Required work: Provide only the number of lines below that hold "highlighting".

Task data:
○ ○ ○ ○ ○
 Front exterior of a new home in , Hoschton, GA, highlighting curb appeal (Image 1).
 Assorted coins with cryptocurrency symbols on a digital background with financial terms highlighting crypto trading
○ ○ ○ ○ ○
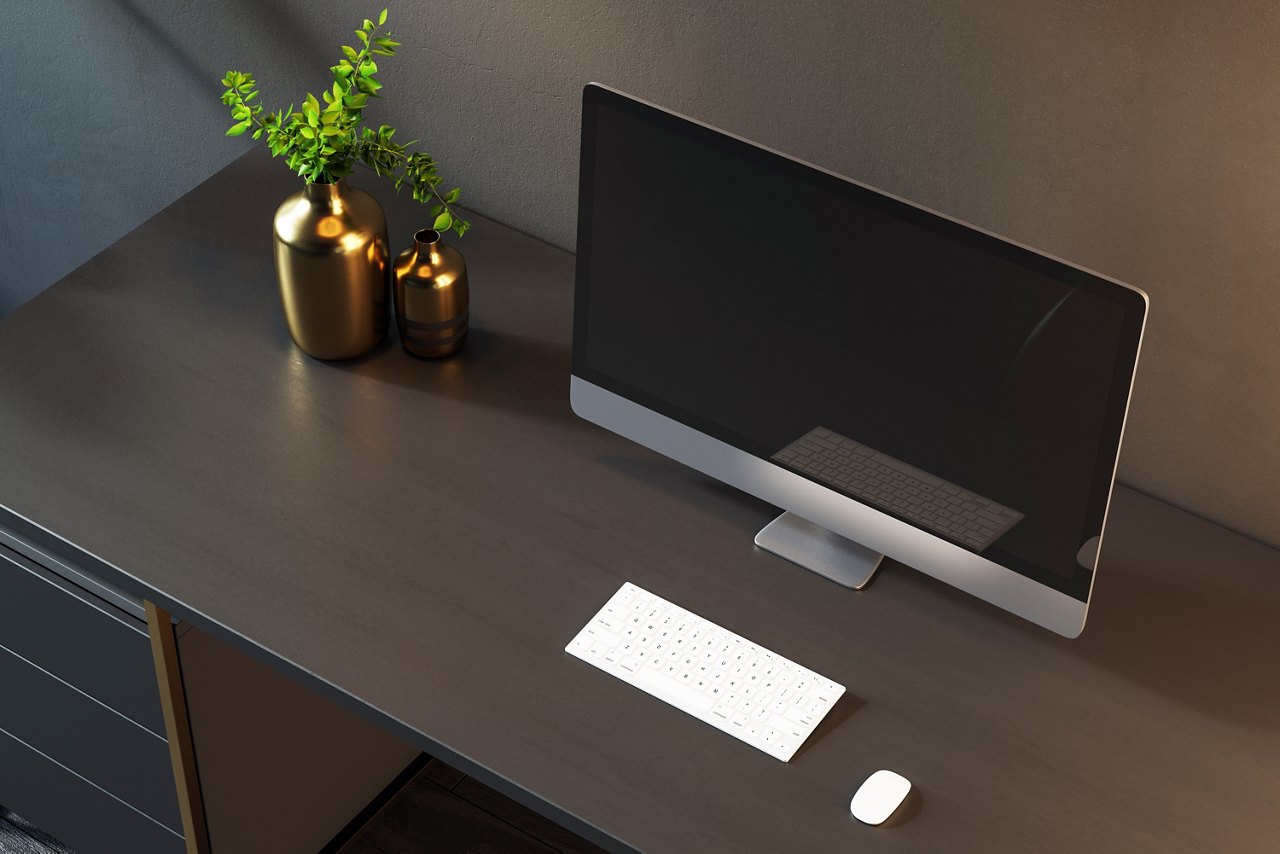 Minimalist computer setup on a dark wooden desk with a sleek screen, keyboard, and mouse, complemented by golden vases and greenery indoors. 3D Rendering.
○ ○ ○ ○ ○
Solved exercise: 2